# Gotta love this net!



## Prinsloo007 (Dec 2, 2012)

Hi folks! Karin and Tony here ... we recently moved aboard "Mayaluga" (Swahili - 'noun' for one who wanders off over the horizon and forgot to say how long he may be away") our Hans Christian 38T. After a laborious total and complete refit in Victoria BC she is now in bristol coastal cruising condition. The next 6 months will result in the obvious upgrades for offshore. Recently had her out in 60knots. "The only boat I would be on in such weather", said Karin. I agree!

Karin, the love of my life for the last 6 years, has taken sailing lessons, is organized, and learns fast. I have sailed about 10,000 miles offshore and skippered whale watching vessels about 40,000 miles. Still in the process of learning the ropes though .... it never ends!

Our plans include summer sailing in the Broughton Archipeligo, going south in August and wintering in La Paz, Mexico, then early 2017 off to Marquesas, Tuamotos, French Polynesia, Cook Islands, Tonga and Fiji; the latter will hopefully be our hurricane hole in a ground pit while we land tour NZ. Next season? Who knows? 

adventiabeforedementia.com


----------



## Rhapsody-NS27 (Apr 8, 2012)

Welcome to the group.

Congrats on completion of your refit. HC38s are nice boats.

Have fun on your travels.


----------



## SHNOOL (Jun 7, 2007)

I think it may be a mistake to use your email addy as your sign on... I wonder if the mods agree.
Still welcome to the insanity.


----------



## Donna_F (Nov 7, 2005)

SHNOOL said:


> I think it may be a mistake to use your email addy as your sign on... I wonder if the mods agree.
> Still welcome to the insanity.


As long as it isn't obscene, we really don't care. Not in the best interest of the member, of course, so we can change it if Karin/Tony tell us what user name to change it to.

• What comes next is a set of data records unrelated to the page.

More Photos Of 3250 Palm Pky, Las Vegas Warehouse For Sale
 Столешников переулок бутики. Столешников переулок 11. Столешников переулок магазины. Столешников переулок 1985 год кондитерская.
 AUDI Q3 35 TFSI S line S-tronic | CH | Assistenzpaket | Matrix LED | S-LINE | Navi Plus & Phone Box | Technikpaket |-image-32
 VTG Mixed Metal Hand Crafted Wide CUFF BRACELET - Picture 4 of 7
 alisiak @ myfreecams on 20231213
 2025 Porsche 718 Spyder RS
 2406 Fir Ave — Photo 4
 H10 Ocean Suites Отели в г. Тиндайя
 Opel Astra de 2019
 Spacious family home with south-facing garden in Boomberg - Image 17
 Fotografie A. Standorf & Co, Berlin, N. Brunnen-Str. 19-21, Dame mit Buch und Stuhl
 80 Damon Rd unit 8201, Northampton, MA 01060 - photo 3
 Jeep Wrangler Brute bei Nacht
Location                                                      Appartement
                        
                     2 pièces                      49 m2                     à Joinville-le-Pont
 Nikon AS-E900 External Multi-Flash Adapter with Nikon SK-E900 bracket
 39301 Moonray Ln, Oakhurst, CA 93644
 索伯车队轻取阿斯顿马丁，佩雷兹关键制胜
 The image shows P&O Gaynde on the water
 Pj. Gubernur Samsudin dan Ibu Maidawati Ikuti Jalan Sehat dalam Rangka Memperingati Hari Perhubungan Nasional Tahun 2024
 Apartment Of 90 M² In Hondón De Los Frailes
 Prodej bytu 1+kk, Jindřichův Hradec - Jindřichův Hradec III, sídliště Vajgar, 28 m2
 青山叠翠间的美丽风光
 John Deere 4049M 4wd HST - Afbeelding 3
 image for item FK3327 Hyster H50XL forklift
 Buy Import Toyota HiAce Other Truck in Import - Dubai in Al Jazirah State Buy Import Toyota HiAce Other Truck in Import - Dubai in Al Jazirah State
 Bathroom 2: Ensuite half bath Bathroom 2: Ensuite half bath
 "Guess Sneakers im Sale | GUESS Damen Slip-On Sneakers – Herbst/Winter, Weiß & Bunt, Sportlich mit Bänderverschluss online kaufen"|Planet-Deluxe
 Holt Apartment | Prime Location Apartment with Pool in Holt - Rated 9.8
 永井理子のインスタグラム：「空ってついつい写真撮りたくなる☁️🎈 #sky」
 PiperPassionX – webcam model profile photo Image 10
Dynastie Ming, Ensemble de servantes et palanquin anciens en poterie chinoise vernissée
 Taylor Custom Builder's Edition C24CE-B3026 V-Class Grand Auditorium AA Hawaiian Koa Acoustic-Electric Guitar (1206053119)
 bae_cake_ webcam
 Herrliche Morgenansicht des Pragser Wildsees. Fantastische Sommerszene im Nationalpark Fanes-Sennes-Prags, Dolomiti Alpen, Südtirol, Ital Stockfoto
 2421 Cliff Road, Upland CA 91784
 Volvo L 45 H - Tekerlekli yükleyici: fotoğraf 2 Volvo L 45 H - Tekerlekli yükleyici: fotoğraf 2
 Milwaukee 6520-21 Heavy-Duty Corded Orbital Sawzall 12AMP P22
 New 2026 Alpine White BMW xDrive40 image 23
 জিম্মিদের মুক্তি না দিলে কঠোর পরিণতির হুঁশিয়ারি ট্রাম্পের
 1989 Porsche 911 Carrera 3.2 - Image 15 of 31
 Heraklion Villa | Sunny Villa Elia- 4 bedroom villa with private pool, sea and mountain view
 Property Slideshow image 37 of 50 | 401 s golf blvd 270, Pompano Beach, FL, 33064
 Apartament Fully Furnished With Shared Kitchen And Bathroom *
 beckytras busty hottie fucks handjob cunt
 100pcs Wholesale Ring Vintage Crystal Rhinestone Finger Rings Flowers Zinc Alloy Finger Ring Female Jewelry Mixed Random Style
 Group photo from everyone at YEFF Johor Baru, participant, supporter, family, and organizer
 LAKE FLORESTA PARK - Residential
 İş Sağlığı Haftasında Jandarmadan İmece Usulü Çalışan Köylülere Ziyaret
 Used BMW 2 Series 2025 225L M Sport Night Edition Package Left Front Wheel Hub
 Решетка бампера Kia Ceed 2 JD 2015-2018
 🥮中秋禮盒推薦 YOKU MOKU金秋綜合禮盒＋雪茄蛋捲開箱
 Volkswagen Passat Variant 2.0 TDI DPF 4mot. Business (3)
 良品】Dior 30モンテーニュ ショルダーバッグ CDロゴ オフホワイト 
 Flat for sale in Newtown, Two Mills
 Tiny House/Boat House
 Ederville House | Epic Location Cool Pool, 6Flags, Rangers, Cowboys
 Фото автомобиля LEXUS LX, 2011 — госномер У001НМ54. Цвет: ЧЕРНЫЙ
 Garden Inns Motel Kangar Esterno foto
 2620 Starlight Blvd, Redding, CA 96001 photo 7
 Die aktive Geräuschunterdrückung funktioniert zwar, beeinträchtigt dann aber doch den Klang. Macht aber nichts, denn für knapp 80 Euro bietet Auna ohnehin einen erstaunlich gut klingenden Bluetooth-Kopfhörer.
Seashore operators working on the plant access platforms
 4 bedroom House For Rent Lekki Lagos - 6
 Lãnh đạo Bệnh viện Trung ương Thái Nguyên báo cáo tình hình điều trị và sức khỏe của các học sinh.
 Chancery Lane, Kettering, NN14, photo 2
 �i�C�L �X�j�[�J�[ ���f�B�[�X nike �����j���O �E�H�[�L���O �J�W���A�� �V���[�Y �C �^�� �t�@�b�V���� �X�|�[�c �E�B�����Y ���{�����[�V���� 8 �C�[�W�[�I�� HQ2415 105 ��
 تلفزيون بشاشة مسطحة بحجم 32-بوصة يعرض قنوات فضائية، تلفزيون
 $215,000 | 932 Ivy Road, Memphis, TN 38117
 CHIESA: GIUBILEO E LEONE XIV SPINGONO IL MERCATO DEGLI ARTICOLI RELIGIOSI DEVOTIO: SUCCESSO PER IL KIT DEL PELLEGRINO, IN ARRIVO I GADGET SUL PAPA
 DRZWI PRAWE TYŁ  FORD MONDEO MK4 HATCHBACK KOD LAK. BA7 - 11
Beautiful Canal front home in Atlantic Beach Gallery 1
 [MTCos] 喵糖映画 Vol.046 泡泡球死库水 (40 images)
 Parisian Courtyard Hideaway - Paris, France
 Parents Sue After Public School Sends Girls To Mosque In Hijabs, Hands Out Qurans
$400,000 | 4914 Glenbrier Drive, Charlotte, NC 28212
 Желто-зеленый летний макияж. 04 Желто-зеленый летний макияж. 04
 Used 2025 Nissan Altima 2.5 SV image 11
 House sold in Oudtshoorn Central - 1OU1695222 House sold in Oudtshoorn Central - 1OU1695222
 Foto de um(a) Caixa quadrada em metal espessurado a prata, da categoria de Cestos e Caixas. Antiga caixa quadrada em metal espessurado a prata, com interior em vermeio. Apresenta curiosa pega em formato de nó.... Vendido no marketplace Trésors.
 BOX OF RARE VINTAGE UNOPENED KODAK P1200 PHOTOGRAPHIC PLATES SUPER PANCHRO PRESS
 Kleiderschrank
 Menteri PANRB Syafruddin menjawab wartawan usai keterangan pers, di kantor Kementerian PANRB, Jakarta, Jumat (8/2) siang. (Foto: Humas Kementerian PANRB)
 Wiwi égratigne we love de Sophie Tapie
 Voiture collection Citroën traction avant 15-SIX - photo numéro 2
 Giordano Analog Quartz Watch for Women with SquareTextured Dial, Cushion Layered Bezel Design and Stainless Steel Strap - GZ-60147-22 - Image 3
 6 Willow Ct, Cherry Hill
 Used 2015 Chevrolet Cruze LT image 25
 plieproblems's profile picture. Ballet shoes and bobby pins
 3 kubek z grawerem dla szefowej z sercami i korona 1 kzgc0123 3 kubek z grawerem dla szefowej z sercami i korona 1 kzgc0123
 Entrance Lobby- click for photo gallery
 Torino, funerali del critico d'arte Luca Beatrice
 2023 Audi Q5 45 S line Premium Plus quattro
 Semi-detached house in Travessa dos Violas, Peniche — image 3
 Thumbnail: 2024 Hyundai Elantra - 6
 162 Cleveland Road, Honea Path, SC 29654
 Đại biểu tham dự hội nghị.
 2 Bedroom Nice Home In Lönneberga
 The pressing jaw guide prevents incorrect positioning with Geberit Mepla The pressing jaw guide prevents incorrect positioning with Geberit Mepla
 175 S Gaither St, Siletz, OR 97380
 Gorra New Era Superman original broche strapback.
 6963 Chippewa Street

New sailors in 60 knot winds? Oy.


----------



## SHNOOL (Jun 7, 2007)

My apology, not saying can't be done, just invites spam like crazy.


----------



## Prinsloo007 (Dec 2, 2012)

Thanks DRFerron. I requested admin to change my username. Good observations all!
Cheers, Tony
adventiabeforedementia.com
navigato ergo sum


----------



## Donna_F (Nov 7, 2005)

[email protected] said:


> Thanks DRFerron. I requested admin to change my username. Good observations all!
> Cheers, Tony
> adventiabeforedementia.com
> navigato ergo sum


Let a mod know if the admin doesn't respond.


----------



## Faster (Sep 13, 2005)

DRFerron said:


> Let a mod know if the admin doesn't respond.


I already asked him via PM.. not sure why he didn't respond to me.


----------



## Capt Len (Oct 9, 2011)

Welcome to SN, Tony. Capt Len ex 3 Hour Sail


----------



## Prinsloo007 (Dec 2, 2012)

Hi Capt Len:

Was good sailing next to you last fall. "Mayaluga", dark blue Hans Christian Cutter.

Cheers, Tony (Anton) Roberts


----------



## eherlihy (Jan 2, 2007)

Welcome to SailNut!


----------



## LLCoolDave (Sep 20, 2015)

Welcome aboard, beautiful boat.


----------



## Prinsloo007 (Dec 2, 2012)

Hi Capt Len:

Was good sailing next to you last fall. "Mayaluga, dark blue Hans Christian Cutter.

Cheers, Tony (Anton) Roberts


----------



## 2Gringos (Jan 4, 2008)

J'ambo, Mayaluga, habari za m'chana?


----------